EXERCISE →
Beginning with the line containing "this 845×633 image." and ending at the last line of the data, set down every line exactly, leaving out all pictures.

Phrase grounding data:
-----

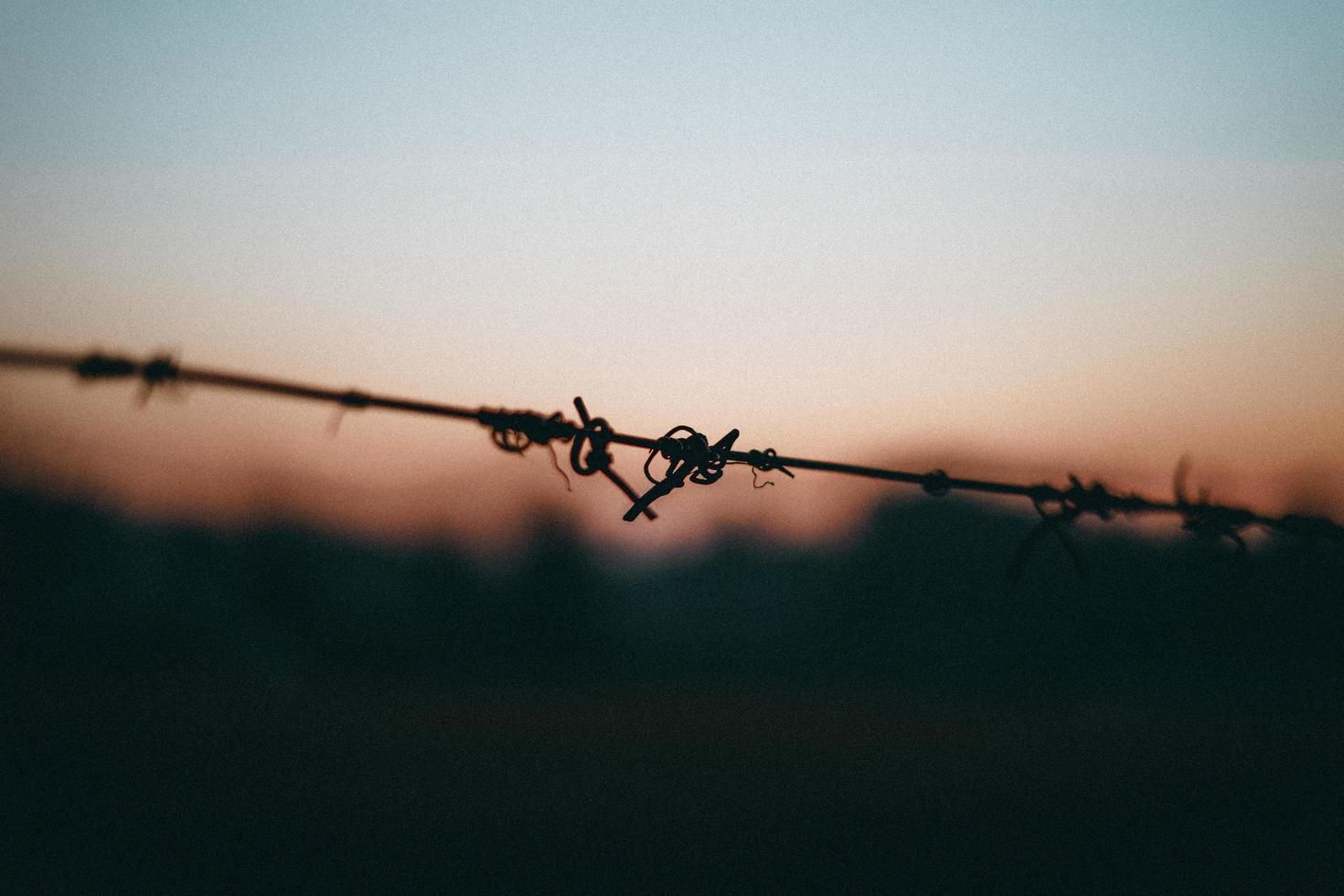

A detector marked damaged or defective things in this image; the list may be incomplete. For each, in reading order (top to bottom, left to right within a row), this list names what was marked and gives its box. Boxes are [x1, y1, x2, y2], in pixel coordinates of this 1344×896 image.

rusty barbed wire [0, 344, 1339, 574]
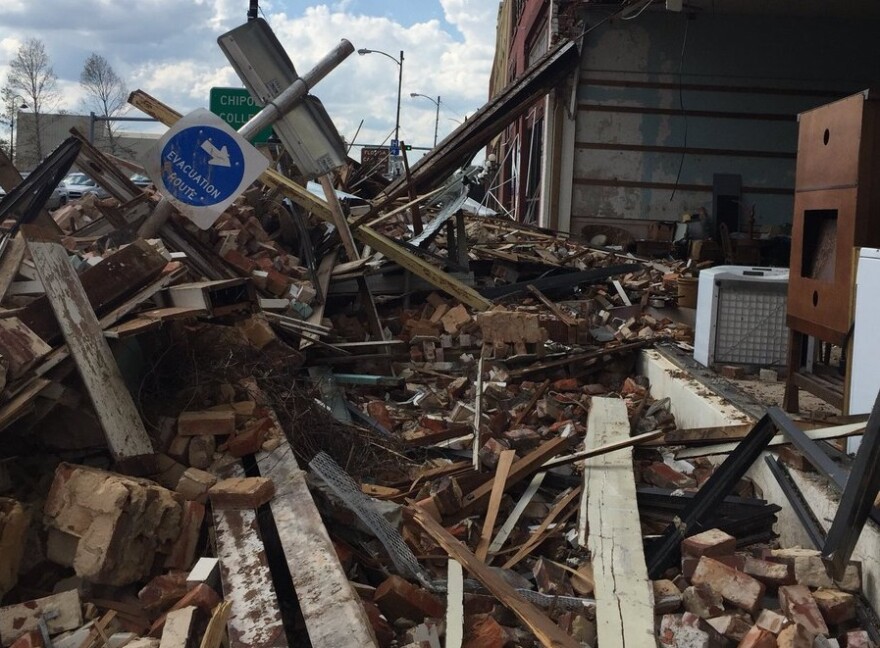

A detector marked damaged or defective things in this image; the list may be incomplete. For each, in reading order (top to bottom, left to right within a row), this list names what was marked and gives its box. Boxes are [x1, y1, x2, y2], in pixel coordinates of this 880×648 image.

broken lumber [584, 398, 652, 644]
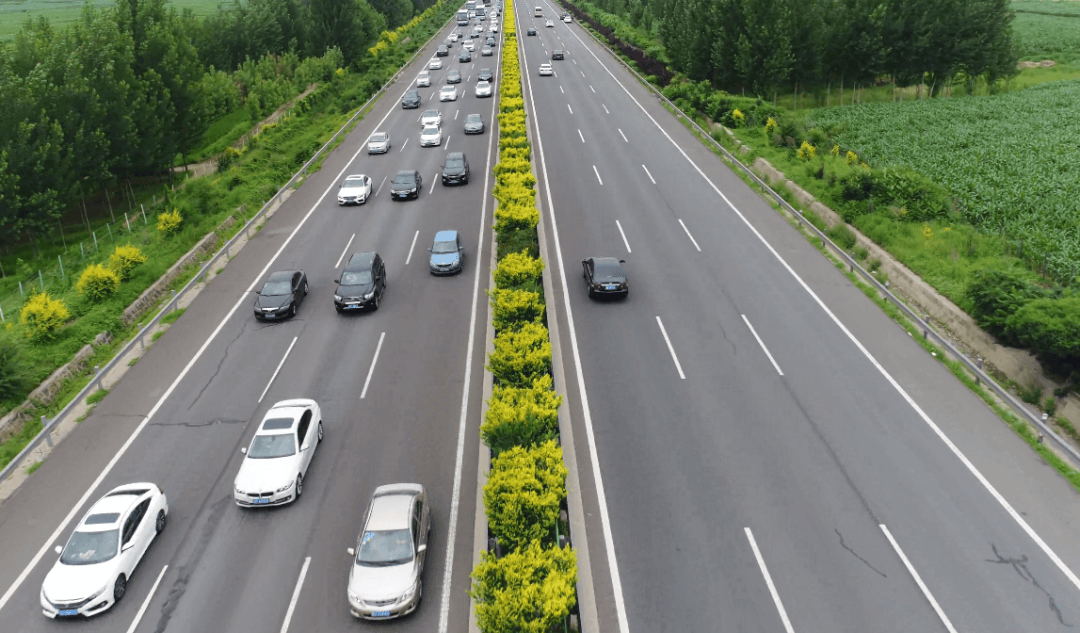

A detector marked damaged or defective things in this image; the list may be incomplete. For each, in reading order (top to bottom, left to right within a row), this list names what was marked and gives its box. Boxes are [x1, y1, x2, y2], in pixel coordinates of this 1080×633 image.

road crack [988, 540, 1072, 624]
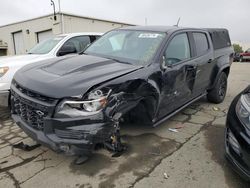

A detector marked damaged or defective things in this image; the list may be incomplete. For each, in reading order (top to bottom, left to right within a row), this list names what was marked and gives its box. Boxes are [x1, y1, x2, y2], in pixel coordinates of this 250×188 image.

detached bumper piece [10, 81, 115, 156]
damaged front end [10, 82, 141, 159]
crumpled hood [14, 54, 143, 98]
broken headlight [56, 88, 112, 117]
detached bumper piece [226, 98, 250, 181]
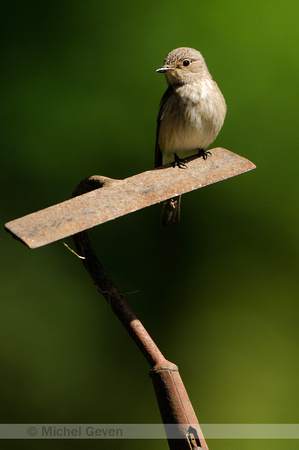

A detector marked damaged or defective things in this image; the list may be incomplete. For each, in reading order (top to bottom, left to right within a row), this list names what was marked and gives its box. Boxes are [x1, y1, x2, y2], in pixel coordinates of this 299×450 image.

rusty metal bracket [4, 148, 255, 248]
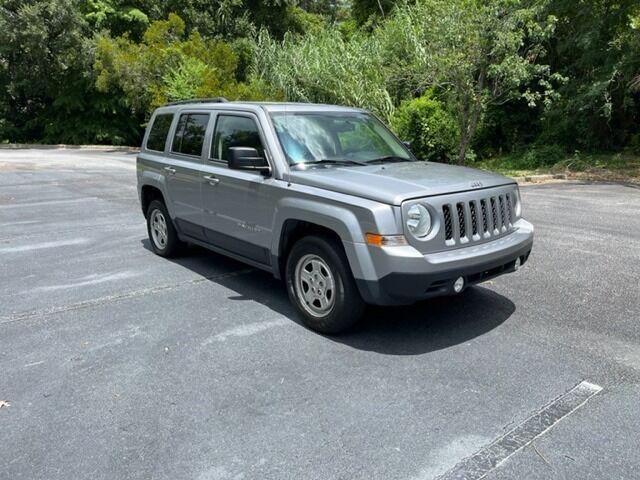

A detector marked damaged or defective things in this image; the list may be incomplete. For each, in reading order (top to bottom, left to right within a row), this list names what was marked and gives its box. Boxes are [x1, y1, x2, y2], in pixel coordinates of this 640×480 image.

crack in asphalt [0, 268, 255, 324]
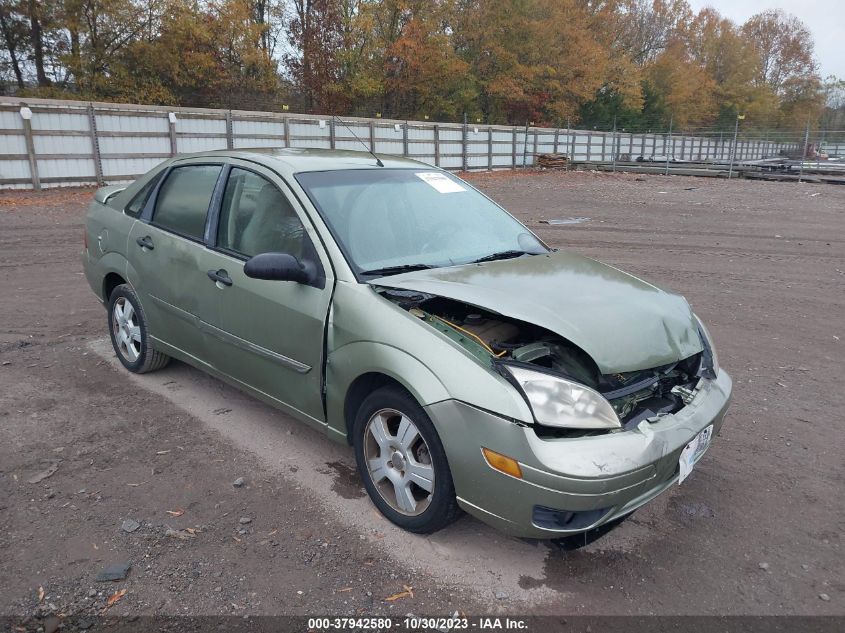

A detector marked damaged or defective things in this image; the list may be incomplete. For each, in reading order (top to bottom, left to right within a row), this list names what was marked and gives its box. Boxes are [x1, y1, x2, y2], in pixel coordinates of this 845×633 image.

damaged green sedan [87, 149, 732, 540]
broken headlight [502, 366, 620, 430]
cracked bumper [426, 370, 728, 540]
broken headlight [692, 314, 720, 378]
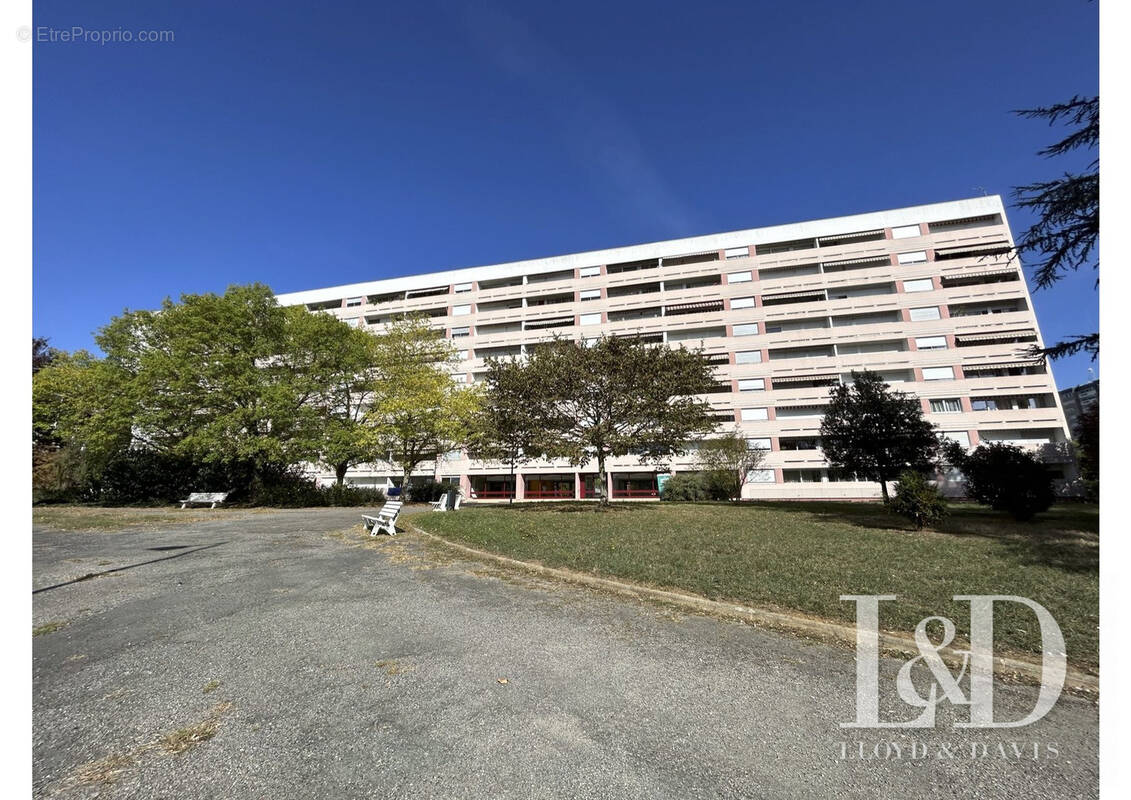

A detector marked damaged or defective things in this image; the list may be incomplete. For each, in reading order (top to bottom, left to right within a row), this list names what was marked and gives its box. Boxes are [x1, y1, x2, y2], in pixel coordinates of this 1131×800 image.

cracked asphalt [33, 509, 1094, 796]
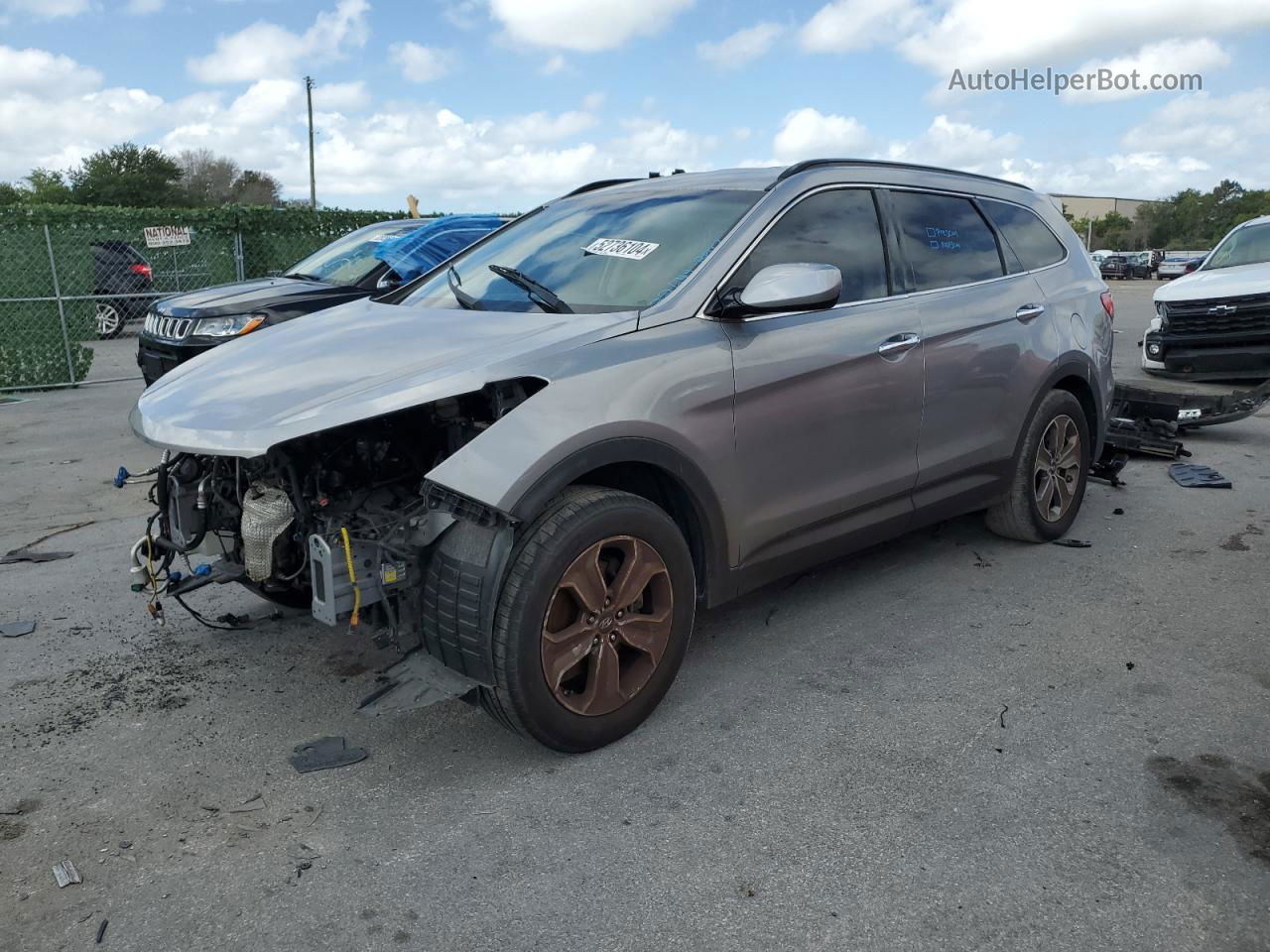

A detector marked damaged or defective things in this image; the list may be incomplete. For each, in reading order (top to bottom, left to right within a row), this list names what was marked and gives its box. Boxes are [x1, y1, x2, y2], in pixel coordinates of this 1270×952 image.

-----

COMPLETED EXERCISE →
A detector marked damaged or defective things in this image; the list may be incomplete. For each, in reading order (top to bottom, left to right within a row), this list names what was marked and gives its box. Boxes are [x1, y1, x2, y2], in pixel coordinates of this 845×633 image.

damaged green sedan [87, 149, 732, 540]
broken headlight [502, 366, 620, 430]
cracked bumper [426, 370, 728, 540]
broken headlight [692, 314, 720, 378]

A detector marked damaged or defective things in this image; the list may be incomplete. For each, in reading order (top to bottom, left to right within a row), this list names what was marked and gives its box. Boxes are [x1, y1, x2, y2], in pixel coordinates of this 1131×800 image.

cracked asphalt [33, 509, 1094, 796]

A detector marked damaged or defective things in this image; the list may be incomplete. For each, in reading order (top to bottom, left to right within a row), this list names what was marked and gives its box. Boxes are [x1, y1, x2, y2], in pixel coordinates of this 1270×952 image.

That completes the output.